The torture he suffered was not proportionate to his comparatively minor role in the assassination of Sadat. The authorities were particularly harsh with him not because of his deeds, but because of his connections. They discovered after arresting him that he was in contact with a number of officers from the Egyptian Armed Forces. These included the martyr 'Esam al-Qamari, an Armed Forces officer. Qamari fled from the army when, in March 1981, the authorities discovered his Islamist orientations. Zawahiri was also incriminated by his links with Captian 'Abdel 'Azeez al-Gamal and First Lieutenant 'Awni 'Abdel Mageed. I met Gamal and 'Abdel Mageed only after the incident, during the proceedings of the Jihad case.

Despite all that he had suffered physically, what was really painful to Zawahiri was that, under the pain of torture, he was forced to testify against his fellow members in the case against 'Esam al-Qamari and other officers. Zawahiri was taken from the Tora prison to the Higher Military Court to give testimony against other jihadi members from the army. Under these conditions, he admitted that they formed a movement inside the army to topple the regime and institute an Islamic government.

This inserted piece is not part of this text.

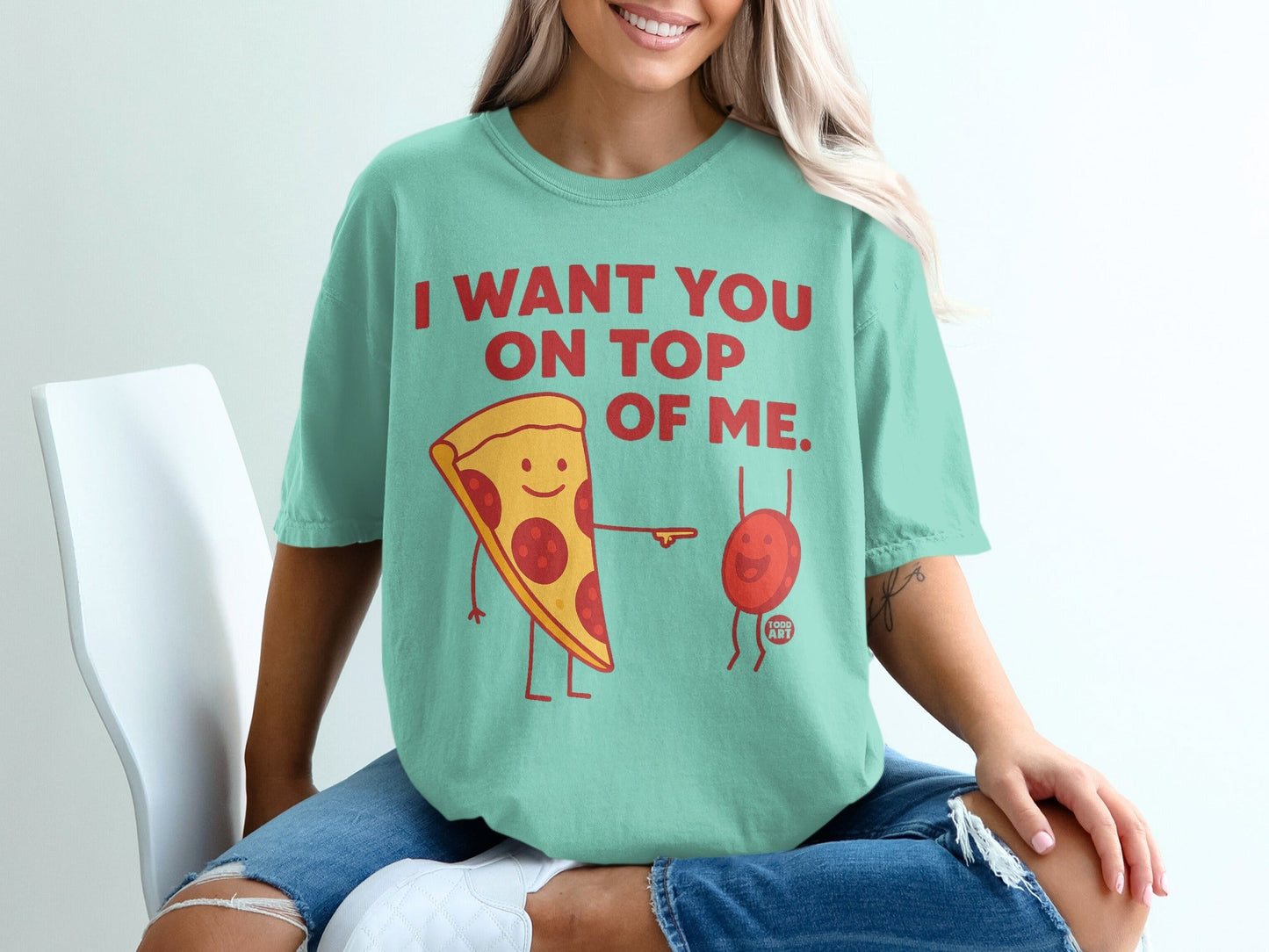 Teal t-shirt with pizza and a small red character saying "I want you on top of me".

After he was arrested on October 15, 1981, Zawahiri informed the authorities of Qamari's whereabouts. He had taken a refuge in a small mosque where he used to pray and meet Zawahiri and other members of the group. It was this painful memory which was at the root of Zawahiri's suffering, and which prompted him to leave Egypt for Saudi Arabia. He stayed there until he left for Afghanistan in 1987. During the three years following his arrival in Afghanistan, his leadership among jihadi Islamists became more prominent, as he worked to regroup the disoriented group members.

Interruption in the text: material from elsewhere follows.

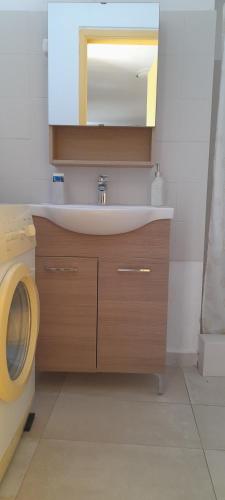 a bathroom with a sink and a washing machine at Cosy guest house with private yard in Saronida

Among other reasons, Zawahiri's shame at ratting on his friends precluded him from returning to Egypt. Further radicalized by his prison experiences, there Zarqawi met such like-minded individuals as ... Osama Bin Laden. Al-Zayyat explains a shift in Zawahiri's thinking from a focus on the "near enemy," the Egyptian government, to the "far enemy," Israel and the United States. Zayyat attributes the change to the Egyptian's government's successful campaign against Islamic Jihad, and a corresponding lack of funds that were needed to retain members and finance terrorist activities. Out of necessity as much as out of ideology, in 1998 Zawahiri merged Islamic Jihad with Bin Laden's organization to form the International Islamic Front for Jihad on the Jews and Crusaders, aka al Qaeda. The merger brought Zawahiri's jihadi ideology and expertise together with Bin Laden's ambition, money, political acumen, and rhetorical flair.
Not only did Zawahiri influence bin Laden, the latter impacted the philosophy of Zawahiri and of Islamic Jihad. For example, bin Laden adised Zawahiri to stop armed operations in Egypt and to ally with him against their common enemies: the United States and Israel. His advice to Zawahiri came upon their return to Afghanistan, when bin Laden ensured the safety of Zawahiri and the Islamic Jihad members under the banner of the Taliban, who at that time controlled 95 percent of the country.
The rest, as they say, is history.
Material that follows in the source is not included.